Un nouvel avion a quitté vendredi l'aéroport de Kaboul, en Afghanistan, avec une Belge à son bord, ont confirmé les Affaires étrangères à Belga.

Afghanistan: un nouveau vol d'évacuation est parti de Kaboul avec une Belge à bord
© AP
Belga/AFP

Jeudi, un premier vol d'évacuation -depuis la fin du pont aérien- avait rejoint la capitale qatarie avec plus d'une centaine de passagers. L'avion de vendredi était arrivé plus tôt dans la journée avec des fournitures de secours. On ignore combien de personnes au total se trouvent à bord. Les Affaires étrangères savent actuellement qu'une ressortissante belge figure parmi les passagers.

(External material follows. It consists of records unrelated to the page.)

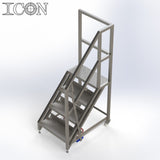 Stainless Steel Step Unit (Short Top Platform)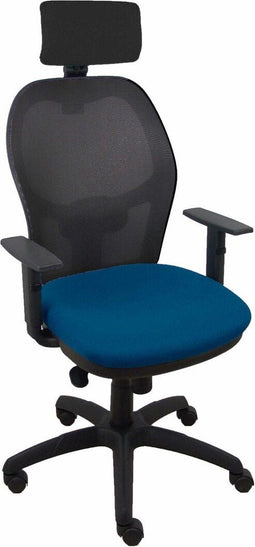 Bureaustoel met hoofdsteun P&C 10CRNCR Marineblauw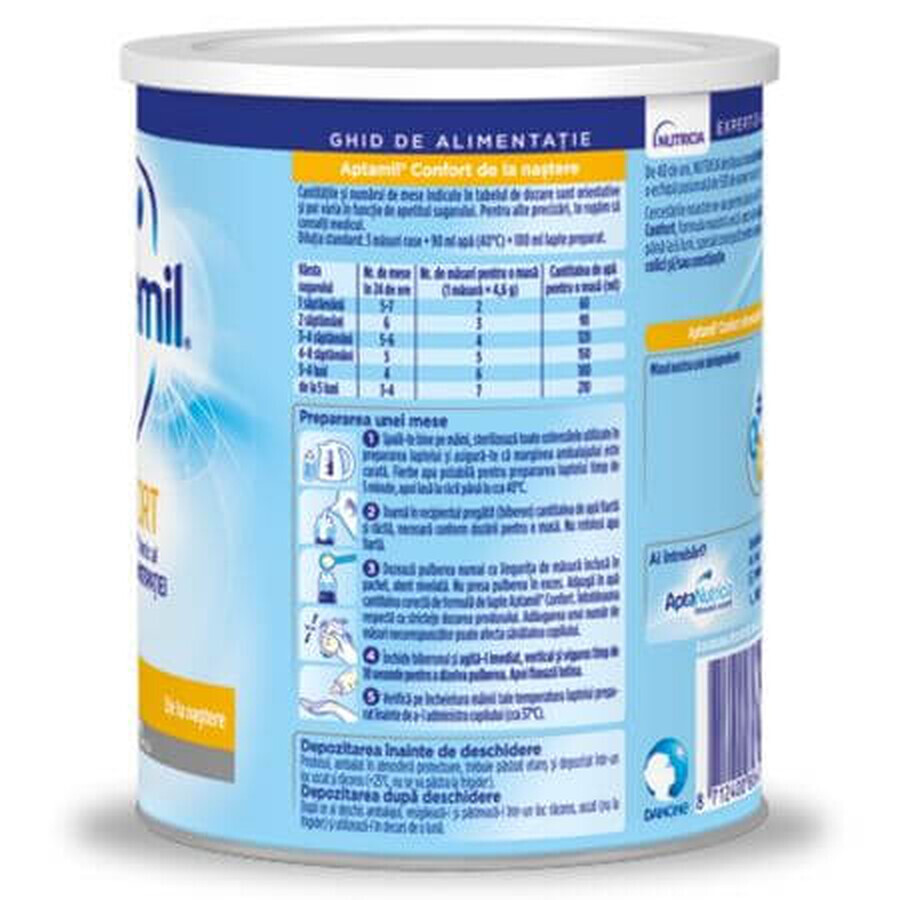Formulă de lapte Aptamil Confort, 400 g, Nutricia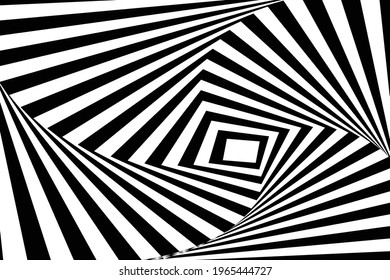 Wavy lines. Twisted duotone backgrounds. Abstract pattern from lines, halftone effect. Black and white texture. Minimalistic design template for poster, banner, cover, postcard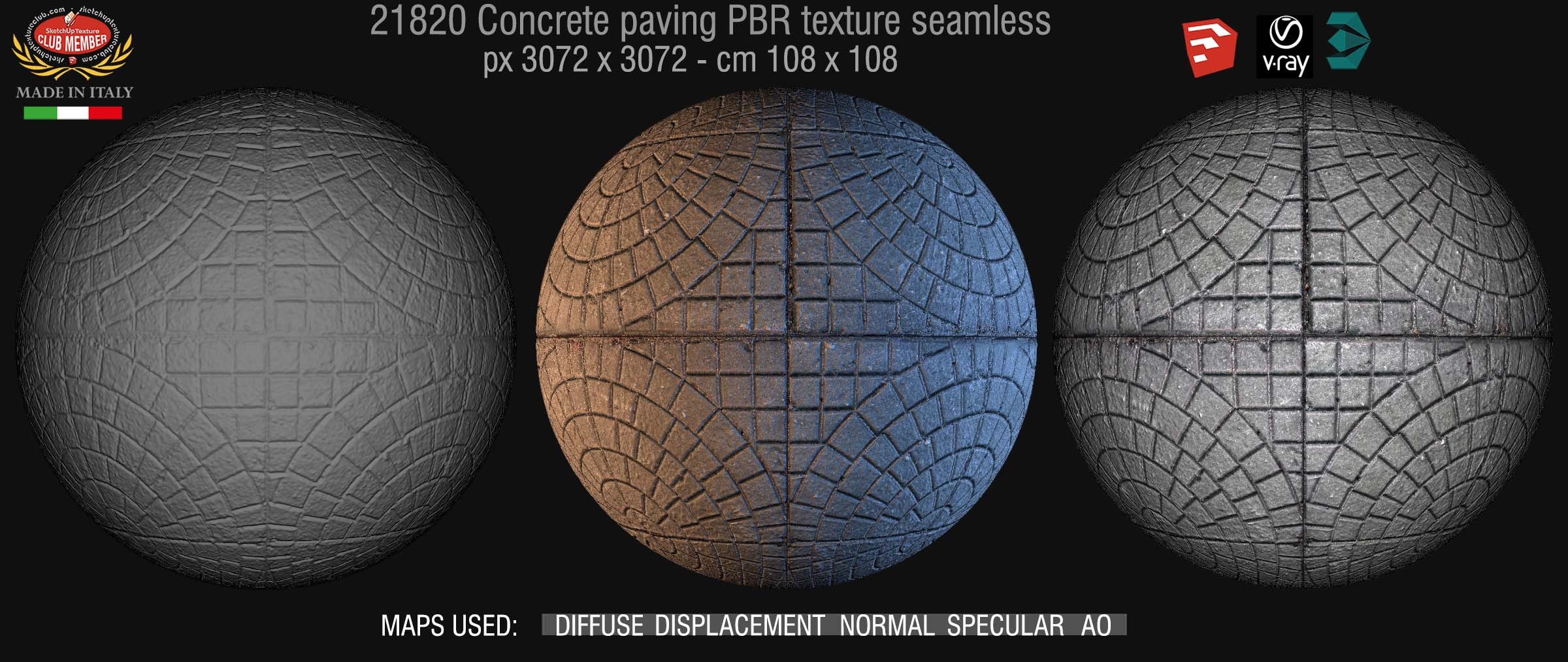 21820 concrete paving PBR texture seamless DEMO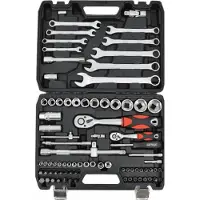 AWTOOLS sleutelsset, 82-delig, 1/2" / 1/4"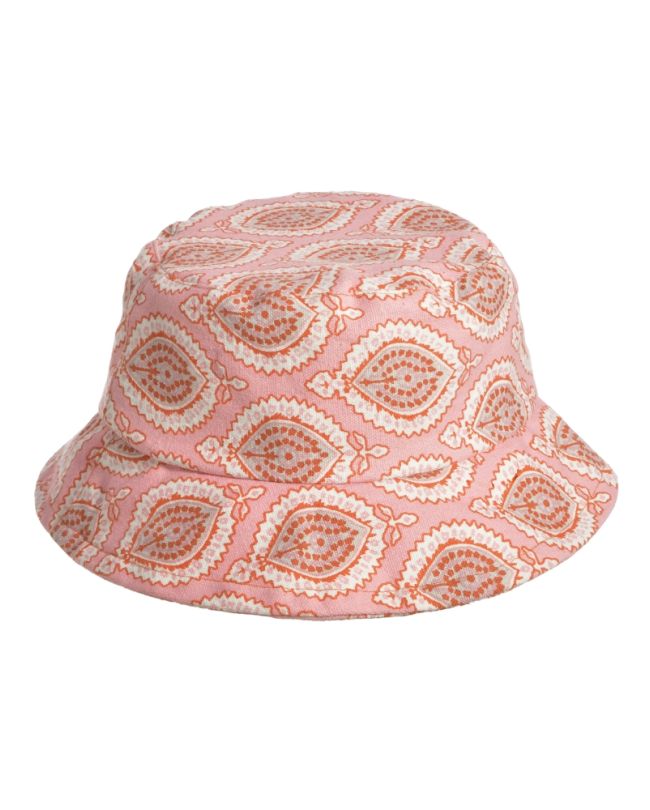 FABRIC HAT IN PINK COLOR WITH PATTERNS Φ25Χ8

Quarante-neuf ressortissants français et membres de leurs familles ainsi que sept Néerlandais se trouvent également dans l'avion. Tout comme une trentaine de citoyens américains et résidents permanents

Jeudi, un avion avait décollé de l'aéroport de Kaboul pour la première fois depuis la fin du pont aérien occidental et le départ des Américains d'Afghanistan fin août. À bord se trouvaient 113 personnes, pour la plupart des Afghans ayant une double nationalité, notamment américaine, ukrainienne, canadienne ou allemande. Treize ressortissants britanniques et 13 ressortissants néerlandais se trouvaient également à bord.

L'annonce de la reprise des vols a attiré vendredi quelques Afghans aux abords de l'aéroport. Une femme, avec des enfants portant chacun un sac à dos, a parlé avec des talibans pour qu'ils la laissent entrer dans l'enceinte. "Si je ne peux pas partir, tuez-moi juste", leur a-t-elle dit, selon un journaliste de l'AFP sur place.

Des milliers d'Afghans, effrayés par le retour des talibans ou en quête d'une vie meilleure en Occident, s'étaient massés après la mi-août autour de l'aéroport dans l'espoir de monter à bord de l'un des vols du gigantesque pont aérien organisé par les États-Unis et d'autres pays, qui a permis d'évacuer plus de 123.000 personnes.

Les évacuations s'étaient déroulées dans une confusion extrême et avaient été marquées par un attentat sanglant, revendiqué par le groupe État islamique, qui avait fait plus d'une centaine de morts, dont 13 soldats américains.